Latar Belakang Munculnya Filsafat
Filsafat, terutama filsafat barat muncul di Yunani semenjak kira-kira abad ke 7 S.M.. Filsafat muncul ketika orang-orang mulai memikirkan, dan berdiskusi akan keadaan alam, dunia, dan lingkungan di sekitar mereka, dan tidak menggantungkan diri kepada agama untuk mencari jawaban atas pertanyaan-pertanyaan ini.
Banyak yang bertanya-tanya mengapa filsafat muncul di Yunani, dan tidak di daerah yang beradab lain kala itu seperti Babilonia, Yudea (Israel) atau Mesir. Jawabannya sederhana: di Yunani, tidak seperti di daerah lain-lainnya tidak ada kasta pendeta sehingga secara intelektual orang lebih bebas.
Orang Yunani pertama yang bisa diberi gelar filsuf ialah Thales dari Mileta, sekarang di pesisir barat Turki. Tetapi filsuf-filsuf Yunani yang terbesar adalah Sokrates, Plato, dan Aristoteles. Sokrates adalah guru Plato sedangkan Aristoteles adalah murid Plato. Bahkan ada yang berpendapat bahwa sejarah filsafat tidak lain hanyalah “Komentar-komentar karya Plato belaka”. Hal ini menunjukkan pengaruh Plato yang sangat besar pada sejarah filsafat.
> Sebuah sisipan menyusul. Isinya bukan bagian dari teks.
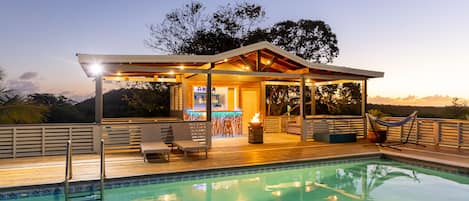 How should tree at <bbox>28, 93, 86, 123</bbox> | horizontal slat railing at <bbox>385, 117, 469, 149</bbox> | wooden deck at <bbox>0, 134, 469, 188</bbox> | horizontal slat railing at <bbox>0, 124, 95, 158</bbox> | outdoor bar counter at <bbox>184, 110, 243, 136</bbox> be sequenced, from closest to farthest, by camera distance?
wooden deck at <bbox>0, 134, 469, 188</bbox> → horizontal slat railing at <bbox>0, 124, 95, 158</bbox> → horizontal slat railing at <bbox>385, 117, 469, 149</bbox> → outdoor bar counter at <bbox>184, 110, 243, 136</bbox> → tree at <bbox>28, 93, 86, 123</bbox>

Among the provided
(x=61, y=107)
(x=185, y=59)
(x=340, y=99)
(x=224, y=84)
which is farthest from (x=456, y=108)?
(x=61, y=107)

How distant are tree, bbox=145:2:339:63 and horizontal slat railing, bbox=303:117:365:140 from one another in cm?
1024

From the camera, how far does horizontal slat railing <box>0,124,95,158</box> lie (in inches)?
283

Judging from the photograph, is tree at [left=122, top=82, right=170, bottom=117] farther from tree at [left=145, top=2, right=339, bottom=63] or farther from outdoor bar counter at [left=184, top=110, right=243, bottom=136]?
outdoor bar counter at [left=184, top=110, right=243, bottom=136]

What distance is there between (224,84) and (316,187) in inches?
300

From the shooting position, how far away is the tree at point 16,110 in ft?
28.1

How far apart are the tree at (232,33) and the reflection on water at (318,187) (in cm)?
1446

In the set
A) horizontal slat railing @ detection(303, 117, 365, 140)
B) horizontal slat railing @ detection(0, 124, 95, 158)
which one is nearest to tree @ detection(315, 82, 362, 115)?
horizontal slat railing @ detection(303, 117, 365, 140)

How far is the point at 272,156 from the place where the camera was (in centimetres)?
760

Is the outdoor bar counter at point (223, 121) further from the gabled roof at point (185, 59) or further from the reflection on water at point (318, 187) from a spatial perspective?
the reflection on water at point (318, 187)

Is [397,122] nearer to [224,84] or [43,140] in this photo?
[224,84]

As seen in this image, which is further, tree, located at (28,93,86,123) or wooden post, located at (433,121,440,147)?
tree, located at (28,93,86,123)

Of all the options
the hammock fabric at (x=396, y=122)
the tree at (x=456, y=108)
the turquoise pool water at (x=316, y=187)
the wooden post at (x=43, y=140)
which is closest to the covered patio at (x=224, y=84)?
the wooden post at (x=43, y=140)

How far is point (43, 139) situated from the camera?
24.3 ft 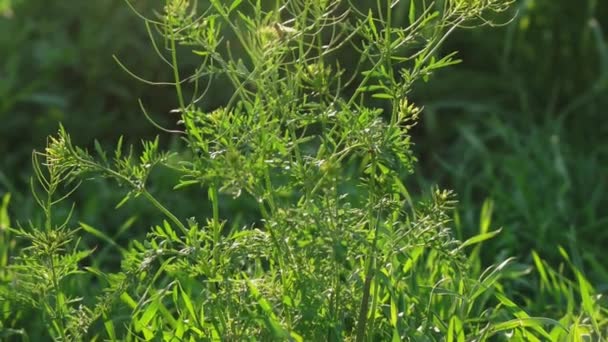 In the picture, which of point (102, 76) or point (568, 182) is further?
point (102, 76)

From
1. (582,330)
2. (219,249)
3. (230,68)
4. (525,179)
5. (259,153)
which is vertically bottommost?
(525,179)

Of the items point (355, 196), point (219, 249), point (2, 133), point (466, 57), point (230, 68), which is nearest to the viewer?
point (230, 68)

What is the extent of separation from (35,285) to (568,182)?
201 cm

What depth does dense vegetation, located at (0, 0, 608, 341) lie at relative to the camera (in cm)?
180

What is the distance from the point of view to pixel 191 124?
181 centimetres

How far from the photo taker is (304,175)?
1770mm

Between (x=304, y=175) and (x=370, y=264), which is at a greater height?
(x=304, y=175)

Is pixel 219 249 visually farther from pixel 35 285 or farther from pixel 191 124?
pixel 35 285

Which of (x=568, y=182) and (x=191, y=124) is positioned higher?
(x=191, y=124)

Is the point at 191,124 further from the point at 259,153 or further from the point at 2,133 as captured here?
the point at 2,133

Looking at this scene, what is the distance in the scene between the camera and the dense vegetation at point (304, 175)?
5.90 feet

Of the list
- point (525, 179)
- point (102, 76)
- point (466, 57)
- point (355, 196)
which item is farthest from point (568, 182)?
point (102, 76)

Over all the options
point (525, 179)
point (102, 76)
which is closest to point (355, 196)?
point (525, 179)

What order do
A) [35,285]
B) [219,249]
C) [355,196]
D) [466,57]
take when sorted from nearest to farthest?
[219,249] < [35,285] < [355,196] < [466,57] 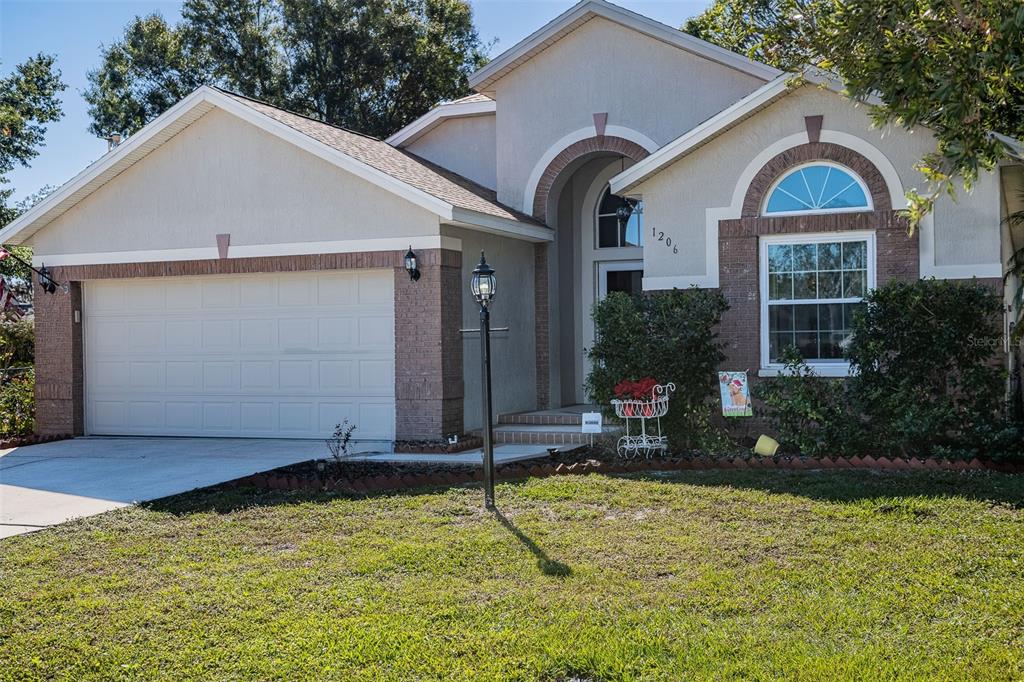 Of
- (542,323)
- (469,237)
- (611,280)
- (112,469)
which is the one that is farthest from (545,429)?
(112,469)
Buku karangan Plato yg terkenal adalah berjudul "etika, republik, apologi, phaedo, dan krito".
Secara etimologis, filsafat berasal dari beberapa
bahasa, yaitu bahasa Inggris dan bahasa Yunani. Dalam bahasa Inggris, yaitu “philosophy”, sedangkan dalam bahasa
Yunani, “philen” atau “philos” dan “sofein” atau “sophi”. Ada
pula yang mengatakan bahwa filsafat berasal dari bahasa Arab, yaitu “falsafah” yang artinya al-hikmah. Akan
tetapi, kata tersebut pada awalnya berasal dari bahasa Yunani. “philos” artinya cinta, sedangkan “Sophia” artinya kebijaksanaan.[1]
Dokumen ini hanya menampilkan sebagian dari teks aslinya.